Sapphire Radeon HD 4670 512MB

Written by Michael Larabel in Graphics Cards on 23 September 2008 at 08:08 AM EDT. Page 1 of 9. 17 Comments.

Earlier this month the ATI Radeon HD 4600 series from AMD was unveiled as the new mid-range graphics cards derived from their flagship RV770 graphics core. The Radeon HD 4650 and Radeon HD 4670 are the two RV730-based products now available. The ATI Radeon HD 4670 may not be able to compete with the Radeon HD 4800 series in all of the tests, but at a price of under $100 USD is it worth pursuing? For this article we have our hands on the brand new Sapphire Radeon HD 4670 512MB graphics card as we test it on Ubuntu Linux to see how well it can perform in our OpenGL tests and overclock with the recently added OverDrive support.

Features:

- 320 Stream Processing Units
- 128-bit Memory Interface
- 24x Custom Filter Anti-Aliasing (CFAA)
- High-Performance Anisotropic Filtering
- Dual-mode ATI CrossFireX
- PCI Express 2.0 Support
- Dynamic Geometry Acceleration, Game Physics Processing Capability
- ATI Avivo HD Video
- Unified Video Decoder 2 (UVD2)
- Accelerated Video Transcoding
- Build-In HDMI w/ 7.1 Surround Sound Audio
- OpenGL 2.1 / Microsoft DirectX 10.1

Contents:

The Sapphire Radeon HD 4670 512MB graphics card had arrived in similar packaging to other Sapphire graphics cards we have reviewed in the past.

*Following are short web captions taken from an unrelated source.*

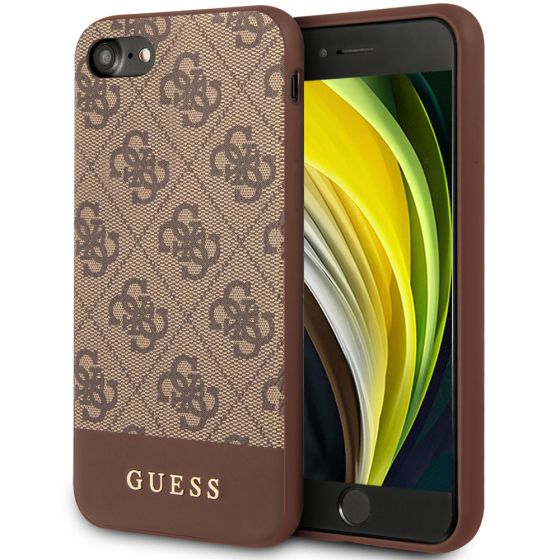 Original Guess iPhone SE 2020 Handyhülle / Case Braun
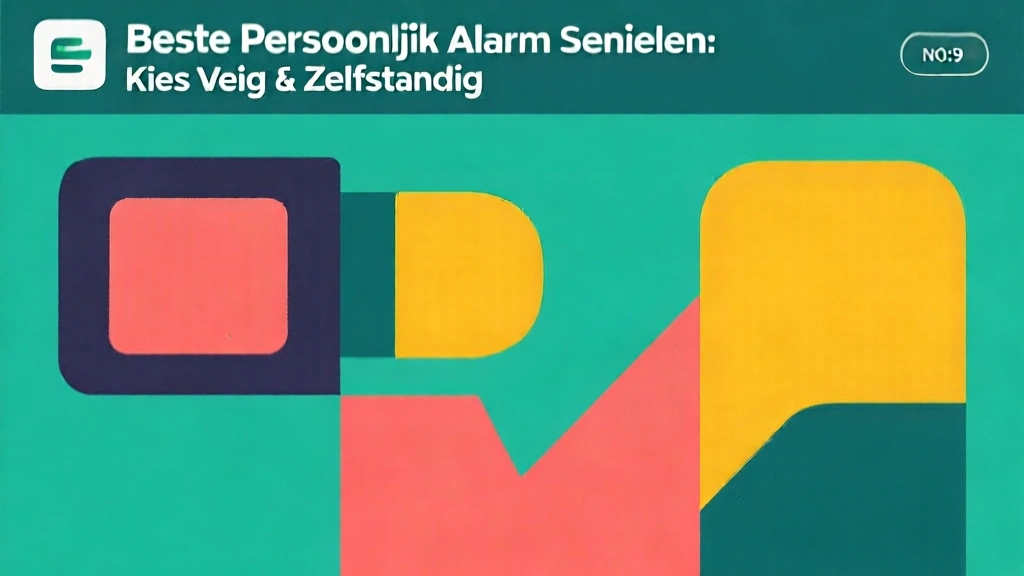 Beste Persoonlijk Alarm Senioren: Kies Veilig & Zelfstandig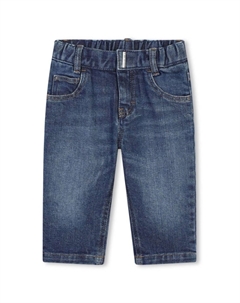 Kids джинсы с логотипом 4G, синий Givenchy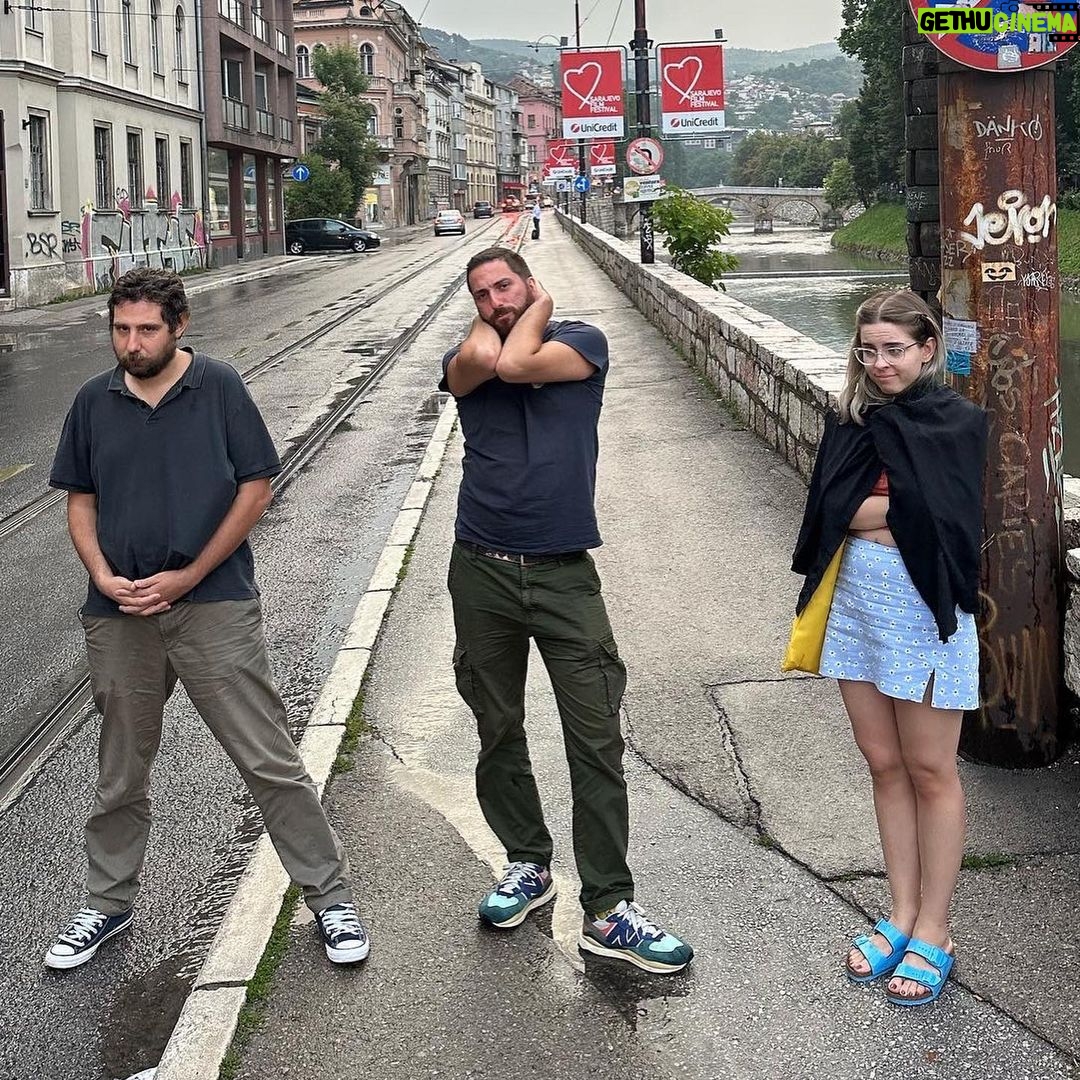 Ulvi Kahyaoğlu Instagram - “29th SFF” what an amazing week that was. #tinypool #bigtalenti SARAJEVO FILM FESTIVAL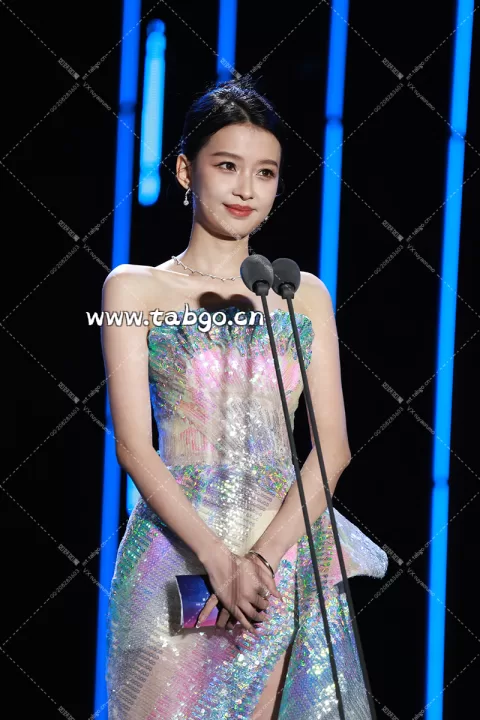 孙怡 海南电影节开幕内场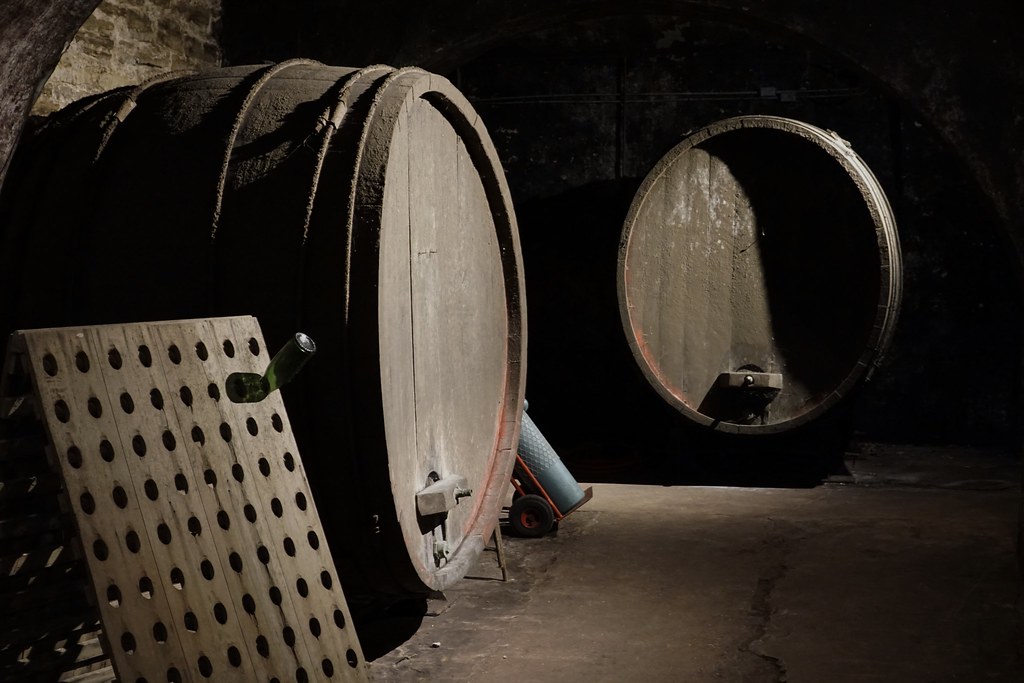 Wine Cellar at Stone Hill Winery. Hermann Missouri Flickr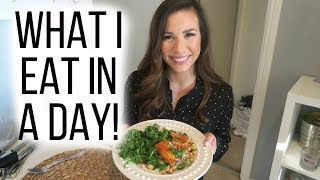 What We Eat In A Day As A Family! | Hayley Paige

Advertised on the exterior of the packaging was the 7.1 channel audio, 3840 x 2400 maximum resolution, 512MB of GDDR3 memory, HDMI support, PCI Express 2.0, HD video, and the energy efficiency of this graphics card. Included with this PCI Express graphics card was an S-Video to RCA video adapter, one CrossFire bridge, component video adapter, DVI to HDMI adapter, DVI to VGA adapter, Sapphire driver CD, graphics card user's manual, CyberLink DVD Suite, Ruby ROM Volume II, and CyberLink PowerDVD 7. Sadly, on the Sapphire driver CD is still just the Windows XP/Vista drivers. Sapphire Technology has yet to include any Linux driver on their product CDs.